En 2019, l’armée gouvernementale afghane, après des opérations communes avec les Etats-Unis, avait annoncé qu’il avait été vaincu dans la province de Nangarhar. Les dernières évaluations de ses effectifs varient d’un minimum de 500 à quelques milliers de combattants, selon un rapport du Conseil de sécurité de l’ONU paru en juillet.

Quel type d’attaques ont été menées ?

L’EIKP a revendiqué certaines des attaques les plus meurtrières commises ces dernières années en Afghanistan et au Pakistan. Il a massacré des civils dans des mosquées, des hôpitaux et dans d’autres lieux publics. Le groupe a surtout ciblé des musulmans qu’il considère comme hérétiques, en particulier les chiites. 

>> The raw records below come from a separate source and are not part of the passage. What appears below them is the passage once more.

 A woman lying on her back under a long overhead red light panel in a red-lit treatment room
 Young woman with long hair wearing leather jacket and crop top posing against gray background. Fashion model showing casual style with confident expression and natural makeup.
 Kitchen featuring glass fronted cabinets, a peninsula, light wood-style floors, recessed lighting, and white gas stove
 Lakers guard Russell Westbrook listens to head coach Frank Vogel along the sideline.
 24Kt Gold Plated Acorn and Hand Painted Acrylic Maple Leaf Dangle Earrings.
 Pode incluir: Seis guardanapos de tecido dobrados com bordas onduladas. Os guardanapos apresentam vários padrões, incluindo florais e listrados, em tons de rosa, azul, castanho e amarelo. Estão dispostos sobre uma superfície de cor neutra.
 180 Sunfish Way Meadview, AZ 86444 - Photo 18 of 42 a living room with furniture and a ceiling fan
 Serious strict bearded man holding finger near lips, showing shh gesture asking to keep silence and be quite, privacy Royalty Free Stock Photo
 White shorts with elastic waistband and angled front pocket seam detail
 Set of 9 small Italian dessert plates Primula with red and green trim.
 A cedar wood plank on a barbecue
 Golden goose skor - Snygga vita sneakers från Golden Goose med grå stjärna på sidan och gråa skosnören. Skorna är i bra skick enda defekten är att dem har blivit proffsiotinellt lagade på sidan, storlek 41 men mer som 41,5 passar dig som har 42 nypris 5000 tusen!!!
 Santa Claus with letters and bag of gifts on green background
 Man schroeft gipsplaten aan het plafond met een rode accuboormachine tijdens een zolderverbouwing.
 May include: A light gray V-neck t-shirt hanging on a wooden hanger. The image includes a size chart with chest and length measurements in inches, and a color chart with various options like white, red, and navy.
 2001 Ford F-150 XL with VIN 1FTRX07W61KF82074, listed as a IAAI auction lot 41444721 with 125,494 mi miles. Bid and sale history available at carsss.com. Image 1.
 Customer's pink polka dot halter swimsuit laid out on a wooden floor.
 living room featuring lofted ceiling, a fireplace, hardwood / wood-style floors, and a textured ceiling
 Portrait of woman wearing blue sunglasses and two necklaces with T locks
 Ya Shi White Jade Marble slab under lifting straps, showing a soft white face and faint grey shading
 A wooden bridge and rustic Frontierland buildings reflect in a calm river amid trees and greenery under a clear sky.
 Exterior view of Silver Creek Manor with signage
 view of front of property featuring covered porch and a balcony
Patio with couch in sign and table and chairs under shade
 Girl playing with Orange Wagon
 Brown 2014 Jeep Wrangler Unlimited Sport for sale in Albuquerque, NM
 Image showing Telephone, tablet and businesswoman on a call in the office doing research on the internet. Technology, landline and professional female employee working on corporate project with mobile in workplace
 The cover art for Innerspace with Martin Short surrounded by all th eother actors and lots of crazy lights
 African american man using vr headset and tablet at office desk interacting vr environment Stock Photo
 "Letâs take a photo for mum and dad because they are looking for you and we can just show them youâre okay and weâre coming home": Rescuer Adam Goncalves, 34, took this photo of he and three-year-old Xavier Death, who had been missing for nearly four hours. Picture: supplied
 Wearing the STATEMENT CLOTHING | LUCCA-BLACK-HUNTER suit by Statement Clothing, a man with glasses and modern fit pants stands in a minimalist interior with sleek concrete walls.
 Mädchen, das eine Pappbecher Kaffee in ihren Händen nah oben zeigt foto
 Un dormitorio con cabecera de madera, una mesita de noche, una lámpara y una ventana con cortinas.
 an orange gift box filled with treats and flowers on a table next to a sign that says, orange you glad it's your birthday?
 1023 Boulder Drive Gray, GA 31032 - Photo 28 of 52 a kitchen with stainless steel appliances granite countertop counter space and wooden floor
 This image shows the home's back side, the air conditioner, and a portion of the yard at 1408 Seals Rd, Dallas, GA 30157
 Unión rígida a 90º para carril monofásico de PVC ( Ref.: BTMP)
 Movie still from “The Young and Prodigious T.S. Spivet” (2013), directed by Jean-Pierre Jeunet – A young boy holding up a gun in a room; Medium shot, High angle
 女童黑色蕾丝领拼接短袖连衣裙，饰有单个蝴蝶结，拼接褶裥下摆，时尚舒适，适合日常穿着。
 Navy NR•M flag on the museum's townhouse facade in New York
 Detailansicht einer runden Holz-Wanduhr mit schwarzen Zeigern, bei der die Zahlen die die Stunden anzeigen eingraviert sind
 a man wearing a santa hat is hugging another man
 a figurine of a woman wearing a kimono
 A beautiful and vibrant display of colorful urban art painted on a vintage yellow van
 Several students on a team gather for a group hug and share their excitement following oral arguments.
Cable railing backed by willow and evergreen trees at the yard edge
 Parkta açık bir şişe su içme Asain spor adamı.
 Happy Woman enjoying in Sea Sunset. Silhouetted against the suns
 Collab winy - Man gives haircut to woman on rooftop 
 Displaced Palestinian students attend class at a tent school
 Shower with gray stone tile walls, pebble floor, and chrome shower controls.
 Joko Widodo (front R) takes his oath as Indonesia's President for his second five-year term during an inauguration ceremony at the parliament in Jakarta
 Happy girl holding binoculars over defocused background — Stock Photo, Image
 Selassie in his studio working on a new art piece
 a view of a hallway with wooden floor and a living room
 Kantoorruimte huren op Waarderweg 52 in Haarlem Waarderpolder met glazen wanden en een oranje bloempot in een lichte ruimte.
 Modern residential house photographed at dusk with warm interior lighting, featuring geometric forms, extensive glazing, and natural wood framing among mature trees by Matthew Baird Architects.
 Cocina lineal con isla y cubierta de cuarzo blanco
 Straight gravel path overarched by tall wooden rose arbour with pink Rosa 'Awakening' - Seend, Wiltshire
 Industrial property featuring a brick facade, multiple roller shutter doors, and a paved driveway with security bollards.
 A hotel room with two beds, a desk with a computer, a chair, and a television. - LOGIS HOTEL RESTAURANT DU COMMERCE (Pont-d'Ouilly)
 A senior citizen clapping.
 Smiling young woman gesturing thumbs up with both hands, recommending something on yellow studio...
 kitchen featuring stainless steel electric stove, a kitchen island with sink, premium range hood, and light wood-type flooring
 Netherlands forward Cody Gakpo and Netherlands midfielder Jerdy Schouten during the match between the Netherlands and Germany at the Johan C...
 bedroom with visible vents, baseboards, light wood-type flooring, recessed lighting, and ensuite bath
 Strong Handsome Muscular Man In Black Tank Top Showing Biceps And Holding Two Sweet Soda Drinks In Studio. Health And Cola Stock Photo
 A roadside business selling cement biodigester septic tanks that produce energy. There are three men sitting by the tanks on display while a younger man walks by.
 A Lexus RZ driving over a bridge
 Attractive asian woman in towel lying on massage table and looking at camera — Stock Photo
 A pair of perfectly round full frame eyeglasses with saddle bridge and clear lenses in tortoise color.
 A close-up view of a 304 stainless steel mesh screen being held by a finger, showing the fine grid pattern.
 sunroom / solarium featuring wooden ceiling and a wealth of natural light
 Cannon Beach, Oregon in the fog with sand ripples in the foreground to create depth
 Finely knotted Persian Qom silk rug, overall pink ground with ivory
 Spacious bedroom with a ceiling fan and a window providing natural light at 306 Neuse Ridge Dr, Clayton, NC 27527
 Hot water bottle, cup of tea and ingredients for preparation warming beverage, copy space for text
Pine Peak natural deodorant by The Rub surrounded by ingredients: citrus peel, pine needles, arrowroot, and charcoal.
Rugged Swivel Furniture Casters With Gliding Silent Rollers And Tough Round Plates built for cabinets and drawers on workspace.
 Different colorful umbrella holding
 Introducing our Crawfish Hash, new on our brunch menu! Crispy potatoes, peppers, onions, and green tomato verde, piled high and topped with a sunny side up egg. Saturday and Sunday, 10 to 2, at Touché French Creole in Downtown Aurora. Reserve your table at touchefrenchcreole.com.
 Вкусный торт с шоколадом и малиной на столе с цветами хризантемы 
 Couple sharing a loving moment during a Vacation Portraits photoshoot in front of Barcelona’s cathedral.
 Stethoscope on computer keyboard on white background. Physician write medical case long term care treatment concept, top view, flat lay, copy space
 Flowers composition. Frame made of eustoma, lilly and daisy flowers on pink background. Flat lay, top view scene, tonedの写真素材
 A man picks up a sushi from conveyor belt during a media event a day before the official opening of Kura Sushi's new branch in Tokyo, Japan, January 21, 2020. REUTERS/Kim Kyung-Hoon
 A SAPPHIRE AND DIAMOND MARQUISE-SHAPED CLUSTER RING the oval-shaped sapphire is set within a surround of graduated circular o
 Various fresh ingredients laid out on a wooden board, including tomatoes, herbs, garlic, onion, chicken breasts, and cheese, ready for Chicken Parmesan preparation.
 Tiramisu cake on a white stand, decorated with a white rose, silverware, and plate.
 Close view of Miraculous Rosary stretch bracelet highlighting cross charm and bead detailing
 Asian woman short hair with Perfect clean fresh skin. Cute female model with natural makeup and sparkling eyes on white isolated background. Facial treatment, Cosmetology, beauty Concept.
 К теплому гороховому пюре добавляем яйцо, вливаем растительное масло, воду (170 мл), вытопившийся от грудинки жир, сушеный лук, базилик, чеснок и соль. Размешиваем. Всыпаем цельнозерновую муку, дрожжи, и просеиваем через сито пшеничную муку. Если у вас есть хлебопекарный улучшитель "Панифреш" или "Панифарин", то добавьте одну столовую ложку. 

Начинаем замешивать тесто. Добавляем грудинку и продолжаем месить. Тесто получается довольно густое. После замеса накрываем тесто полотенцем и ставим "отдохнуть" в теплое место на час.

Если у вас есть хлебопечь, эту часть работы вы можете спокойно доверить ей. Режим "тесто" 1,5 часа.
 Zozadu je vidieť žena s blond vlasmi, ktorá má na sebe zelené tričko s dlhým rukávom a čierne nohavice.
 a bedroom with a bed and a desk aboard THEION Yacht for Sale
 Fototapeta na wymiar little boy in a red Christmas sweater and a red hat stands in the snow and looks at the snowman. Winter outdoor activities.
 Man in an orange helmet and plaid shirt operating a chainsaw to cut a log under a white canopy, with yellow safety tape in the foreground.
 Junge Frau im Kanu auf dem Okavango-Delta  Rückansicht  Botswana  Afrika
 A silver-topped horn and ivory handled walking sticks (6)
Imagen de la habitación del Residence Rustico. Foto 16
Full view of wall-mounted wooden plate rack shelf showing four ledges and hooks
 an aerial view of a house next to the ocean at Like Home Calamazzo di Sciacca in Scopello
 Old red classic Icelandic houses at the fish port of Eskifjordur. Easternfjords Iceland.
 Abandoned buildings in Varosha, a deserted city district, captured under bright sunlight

En août 2019, il a ainsi revendiqué un attentat contre des chiites à un mariage à Kaboul, dans lequel 91 personnes ont été tuées. Il a aussi été fortement soupçonné d’avoir été derrière une attaque en mai 2020 contre une maternité d’un quartier majoritairement chiite de la capitale qui a coûté la vie à 25 personnes, dont 16 mères et des nouveaux-nés. 

Depuis trois jours, les services de renseignement britanniques et américains avertissent d’un risque « imminent » contre les civils évacués à l’aéroport de Kaboul.